Neighborhood component analysis (NCA) is a non-parametric and
embedded method for selecting features with the goal of maximizing
prediction accuracy of regression and classification algorithms. The Statistics and Machine Learning Toolbox™ functions `fscnca`

and `fsrnca`

perform
NCA feature selection with regularization to learn feature weights
for minimization of an objective function that measures the average
leave-one-out classification or regression loss over the training
data.

Consider a multi-class classification problem with a training
set containing *n* observations:

$$\begin{array}{l}S=\left\{\left({x}_{i},{y}_{i}\right),i=1,2,\dots ,n\right\}\hfill \end{array},$$

where $${x}_{i}\in {\mathbb{R}}^{p}$$ are
the feature vectors, $${y}_{i}\in \{1,2,\dots ,c\}$$ are
the class labels, and *c* is the number of classes.
The aim is to learn a classifier $$f:{\mathbb{R}}^{p}\to \{1,2,\dots ,c\}$$ that
accepts a feature vector and makes a prediction $$f\left(x\right)$$ for
the true label $$y$$ of $$x$$.

Consider a randomized classifier that:

Randomly picks a point, $$\text{Ref}\left(x\right)$$, from $$S$$ as the ‘reference point’ for $$x$$

Labels $$x$$ using the label of the reference point $$\text{Ref}\left(x\right)$$.

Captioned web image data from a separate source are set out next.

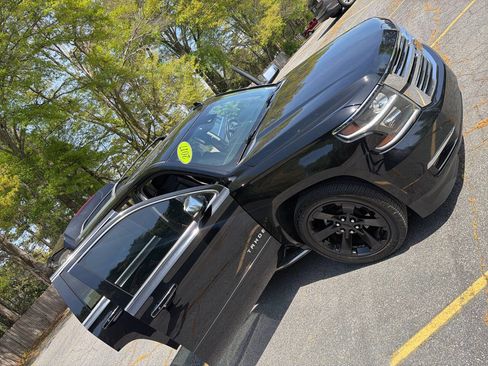 Used 2017 Chevrolet Tahoe Premier image 33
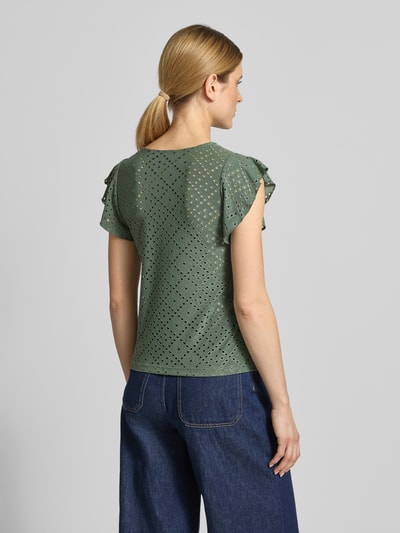 Kobiece model nosi damski t-shirt Regular Fit T-Shirt mit Rundhals-Ausschnitt Modell 'TASSA' od Vero Moda, efekt: jednolity kolor, krój regular fit, okrągły dekolt, krótki rękaw, zakończenie rękawów: frill, wykończenie materiału: stretch, widok całej sylwetki od tyłu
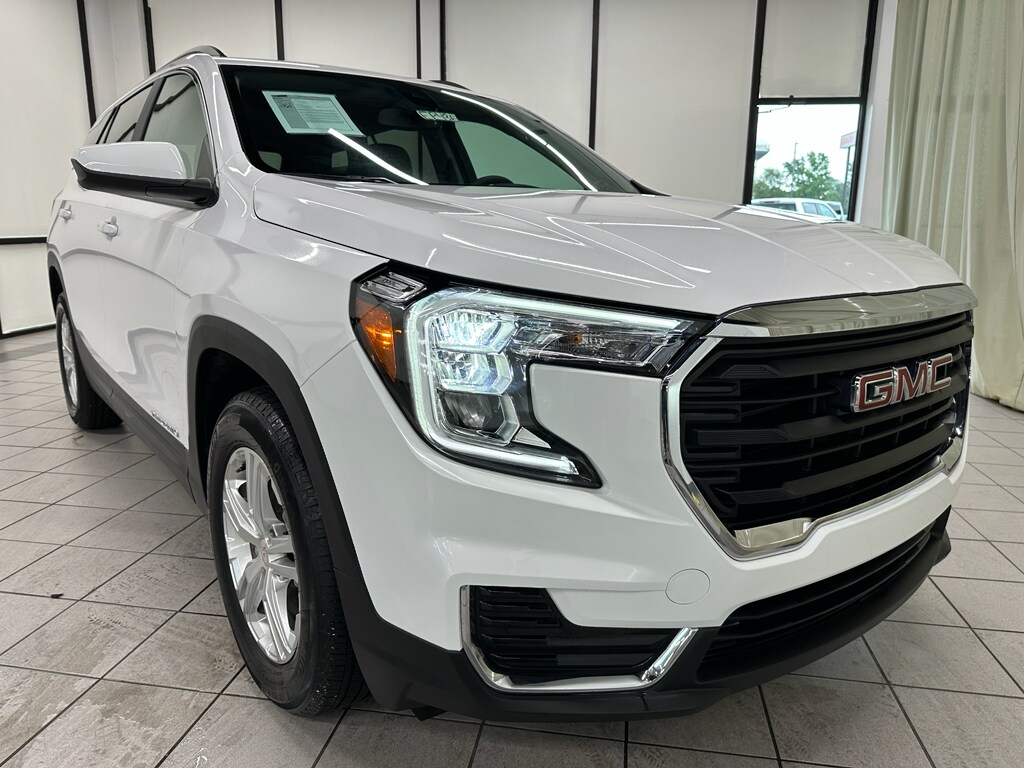 2024 Gmc Terrain SLE photo 2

This scheme is similar to that of a 1-NN classifier where the reference point is chosen to be the nearest neighbor of the new point $$x$$. In NCA, the reference point is chosen randomly and all points in $$S$$ have some probability of being selected as the reference point. The probability $$P\left(\text{Ref}\left(x\right)=\text{}{x}_{j}|S\right)$$ that point $${x}_{j}$$ is picked from $$S$$ as the reference point for $$x$$ is higher if $${x}_{j}$$ is closer to $$x$$ as measured by the distance function $${d}_{w}$$, where

$${d}_{w}({x}_{i},{x}_{j})={\displaystyle \sum _{r=1}^{p}{w}_{r}^{2}}\left|{x}_{ir}-{x}_{jr}\right|,$$

and $${w}_{r}$$ are the feature weights. Assume that

$$\begin{array}{l}P\left(\text{Ref}\left(x\right)=\text{}{x}_{j}|S\right)\propto k\left({d}_{w}\left(x,{x}_{j}\right)\right)\hfill \end{array},$$

where $$k$$ is some kernel or a similarity function that assumes large values when $${d}_{w}\left(x,{x}_{j}\right)$$ is small. Suppose it is

$$k\left(z\right)=\mathrm{exp}\left(-\frac{z}{\sigma}\right),$$

as suggested in [1]. The reference point
for $$x$$ is
chosen from $$S$$,
so sum of $$P\left(\text{Ref}\left(x\right)=\text{}{x}_{j}|S\right)$$ for
all *j* must be equal to 1. Therefore, it is possible
to write

$$\begin{array}{l}P\left(\text{Ref}\left(x\right)=\text{}{x}_{j}|S\right)=\frac{k\left({d}_{w}\left(x,{x}_{j}\right)\right)}{{\displaystyle \sum _{j=1}^{n}k}\left({d}_{w}\left(x,{x}_{j}\right)\right)}\hfill \end{array}.$$

Now consider the leave-one-out application of this randomized classifier, that is, predicting the label of $${x}_{i}$$ using the data in $${S}^{-i}$$, the training set $$S$$ excluding the point $$\left({x}_{i},{y}_{i}\right)$$. The probability that point $${x}_{j}$$ is picked as the reference point for $${x}_{i}$$ is

$${p}_{ij}=P\left(\text{Ref}\left({x}_{i}\right)=\text{}{x}_{j}|{S}^{-i}\right)=\frac{k\left({d}_{w}\left({x}_{i},{x}_{j}\right)\right)}{{\displaystyle \sum _{j=1,j\ne i}^{n}k}\left({d}_{w}\left({x}_{i},{x}_{j}\right)\right)}.$$

The average leave-one-out probability of correct classification
is the probability $${p}_{i}$$ that
the randomized classifier correctly classifies observation *i* using $${S}^{-i}$$.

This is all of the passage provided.